Ideas from “Conversations at the Edge” with Gene Gendlin and Ann Weiser Cornell 2016
25 octubre 2016
Etiquetas: Comunidad de Focusing, Focusing, Focusing internacional, In English, Textos Focusing, Vivencias
Gratitude, awe and humbleness – those feelings stand up among all the rest after attending the latest course with Gene Gendlin and Ann Weiser Cornell about Focusing, the Philosophy of the Implicit and Gendlin’s work.
I am deeply grateful for having had the opportunity to join “Conversations at the Edge with Gene and Ann” during these past weeks of September and October 2016. Ann Weiser Cornell has been organizing these “Conversations at the Edge with Gene and Ann” several times a year through her platform Focusing Resources as a phone course by Gene Gendlin and herself in which participants can ask whatever they want: questions for Gene Gendlin, requests for ideas and even to be accompanied through a Focusing process by Gendlin himself.
Gratitude, awe, humbleness… I had already listened to audio and video files of Gene Gendlin, and I have found them very inspirational.
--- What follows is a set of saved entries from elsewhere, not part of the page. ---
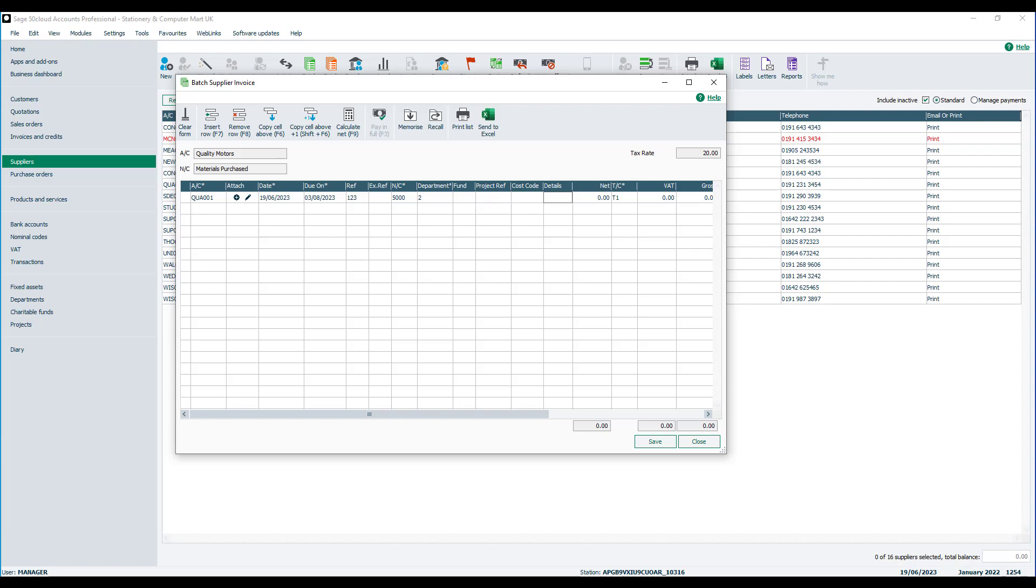The details. You just need to enter some details of what the invoice relates to. So we'll just type repairs in our instance. And then tab along.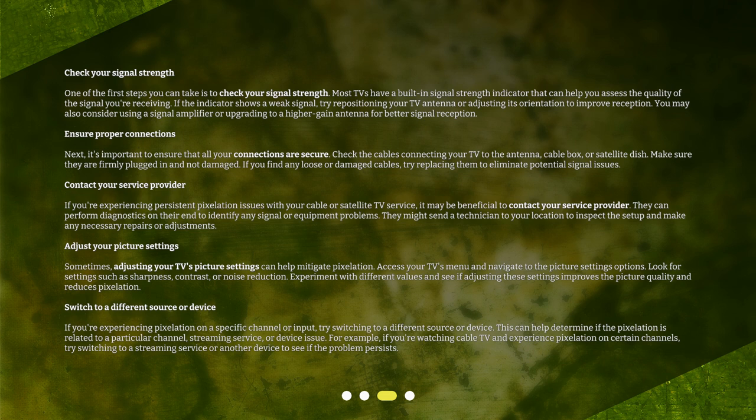Contact your service provider. If you're experiencing persistent pixelation issues with your cable or satellite TV service, it may be beneficial to contact your service provider. They can perform diagnostics on their end to identify any signal or equipment problems. They might send a technician to your location to inspect the setup and make any necessary repairs or adjustments.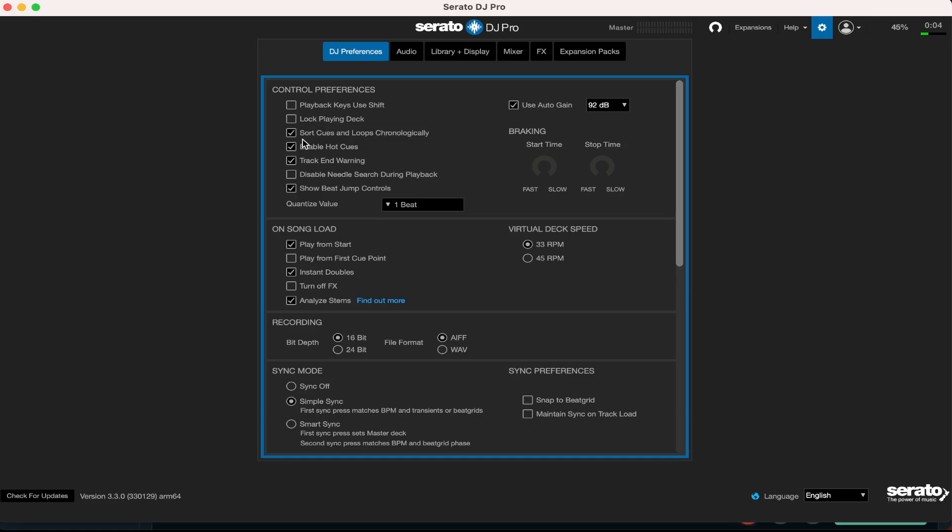What I definitely keep checked are these four things up here: sort cues and loops chronologically - that's definitely going to help you guys out, have that ticked. You're definitely going to want to enable your hot cues because you want to see what hot cues you've registered and what ones you've put on your system. And of course you might not know when the track is ending. You're going to need the track end warning - the deck will start flashing and showing you guys that it's coming to an end so you're ready to mix into another track.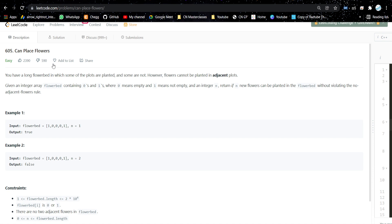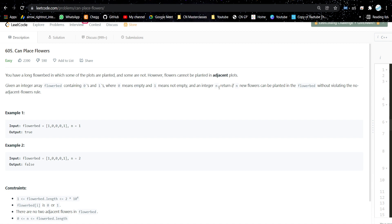The problem is 'Can Place Flowers.' It's a very easy problem. You have a long flower bed in which some of the plots are planted and some are not. However, flowers cannot be planted in adjacent plots. Given an integer array flowerbed containing zeros and ones, where zero means empty and one means not empty, and an integer n, return if n new flowers can be planted without violating the non-adjacent flower rule.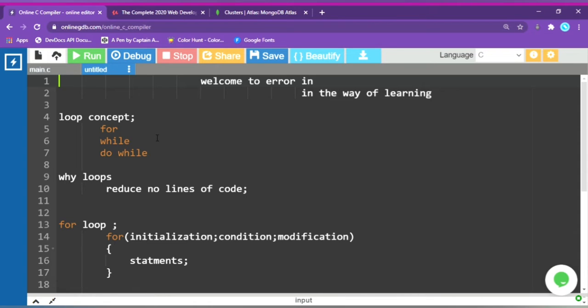In this video we will cover loop concepts. There are three types of loops: for, while, and do-while.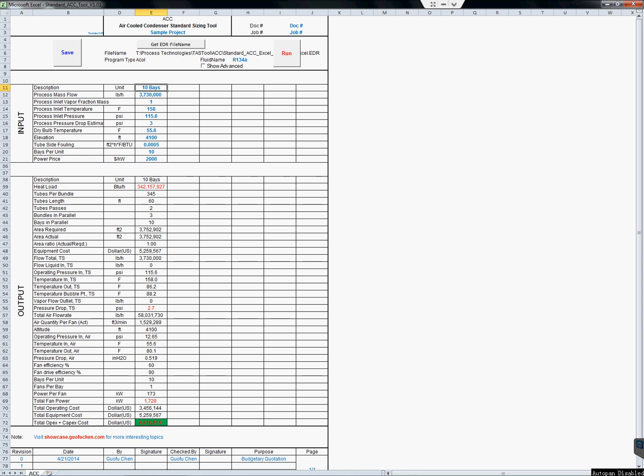Are you tired of designing air quality exchangers for your application? Air quality exchangers are a highly standard product. Can you please simply give me how many bays I need for my application in one hour, instead of spending several days with various designs and plots?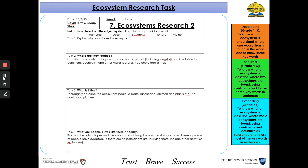Now, the task for this week is to get another fact file on a different ecosystem from the one that you completed last week. So for example, if you picked rainforest last week, you might want to pick desert this week, and the tasks are exactly the same as previous.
But being with him in a conversation over the phone is something profoundly different. Even if I did not dare to ask anything during the first three sessions, listening to him interacting live with other people has a special quality. His presence, his openness, his clarity are very moving, and he shares his wisdom with some pearls of his knowledge and his attention.
And I want to share some of the ideas that I enjoyed the most:
- The concept of crossing, summarized by Gene: “Crossing makes it possible to say anything and be understood in some new way by saying it in a new system, saying ‘How is this (or can be) an instance of that?'” We can always say anything by expressing it from another point of view. A metaphor is possible by saying one thing in function of another: “A is, in a certain sense, B.”
- A fascinating discussion between Gene and a participant about how to define Focusing, and his objection about defining the necessary and sufficient for something to be Focusing. One of the many ideas is that “Focusing is staying with ‘that’, even when there is no relief yet.”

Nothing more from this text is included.